Child Welfare Information Gateway
Using research information, continuously improving prevention strategies and implementing evidence-based programs and practices will be an increasing focus of the Community-Based Child Abuse and Neglect Prevention program through the Office on Child Abuse and Neglect of the Children’s Bureau.
Office of Juvenile Justice and Delinquency Prevention (OJJDP)
OJJDP supports states and communities in their efforts to develop and implement effective and coordinated prevention and intervention programs.
Substance Abuse and Mental Health Services Administration (SAMHSA)
Part of SAMHSA’s strategic goals is to “identify and promote evidence-based approaches.” SAMHSA defines evidence-based programs in one of three categories: (1) Promising Programs, (2) Effective Programs, and (3) Model Programs. In addition, SAMHSA has developed a resource to help people, agencies, and organizations implement programs and practices in their communities. The resource is the National Registry of Evidence-based Programs and Practices (NREPP), a searchable database of interventions for the prevention and treatment of mental and substance use disorders.
The What Works Clearinghouse (WWC) was established in 2002 by the U.S. Department of Education's Institute of Education Sciences to provide educators, policymakers, researchers, and the public with a central and trusted source of scientific evidence of what works in education. The What Works Clearinghouse (WWC) collects, screens, and identifies studies of effectiveness of educational interventions (programs, products, practices, and policies).
Centers for Disease Control (CDC) - National Centers for Injury Prevention and Control – CDC (of the Department of Health and Human Services) addresses the prevention of child maltreatment as one aspect of injury prevention. The public health approach is to define the problem, identify risk and protective factors, develop and test prevention strategies, and assure widespread adoption of prevention principles and strategies. The CDC seeks to support research and programmatic efforts in child maltreatment.

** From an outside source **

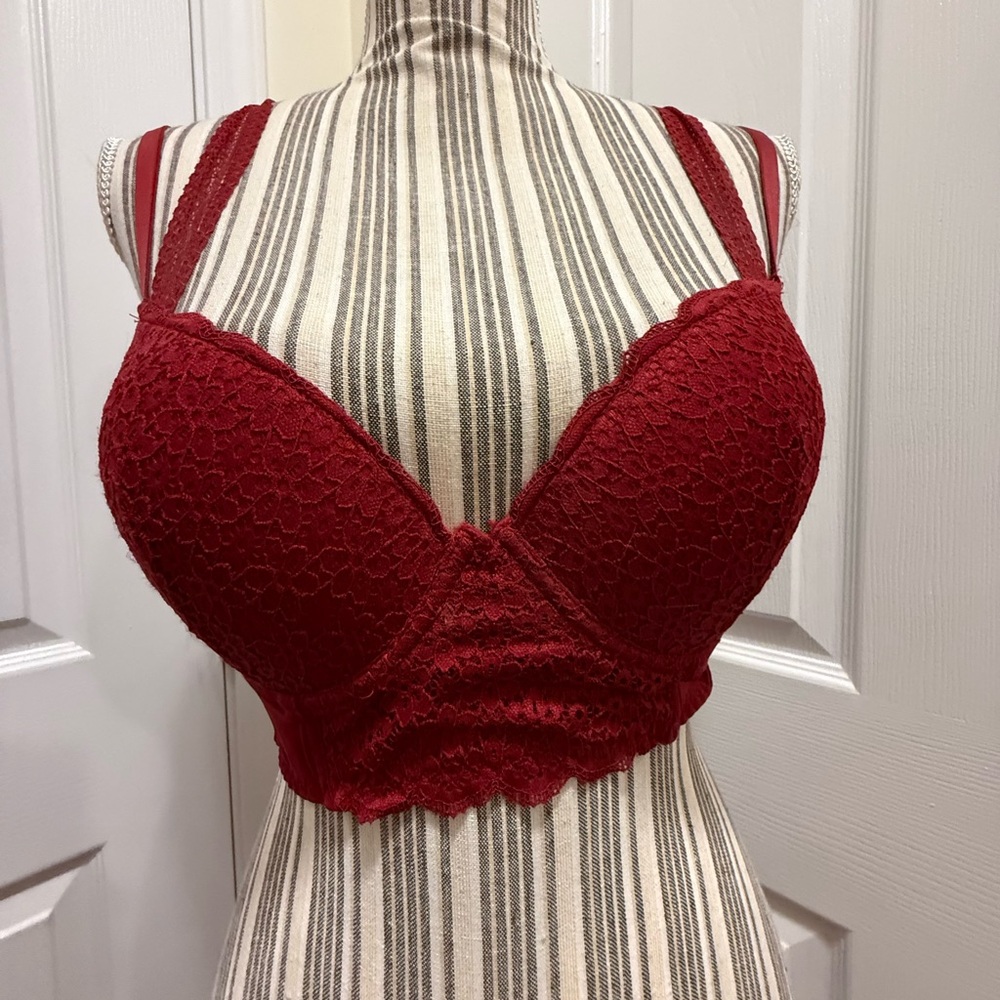 Fredericks of Hollywood Red Lace Longline Bustier Bra – 36C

National Institutes for Mental Health (NIMH) - Child Abuse and Neglect Program
The Child Abuse and Neglect Program is within the Division of Pediatric Translational Research and Treatment Development (DPTR) in NIMH which supports research with the goal of preventing and curing childhood psychopathology and developing novel treatment and prevention strategies. Research in child abuse and neglect focuses on immediate and long-term mental health impact on the child. This program supports research that addresses child abuse and neglect, and familial aspects of traumatic stress as risk factors for psychopathology in children and adolescents.
Office of Planning, Research and Evaluation (OPRE)
OPRE is responsible for advising the Assistant Secretary for Children and Families on increasing the effectiveness and efficiency of programs to improve the economic and social well-being of children and families.
Supporting Evidence-Based Home Visiting to Prevent Child Maltreatment
This report from the Children’s Bureau, Administration for Children and Families, US Department of Health and Human Services states that a growing body of evidence suggests that some home visiting programs are successful as a child maltreatment prevention strategy.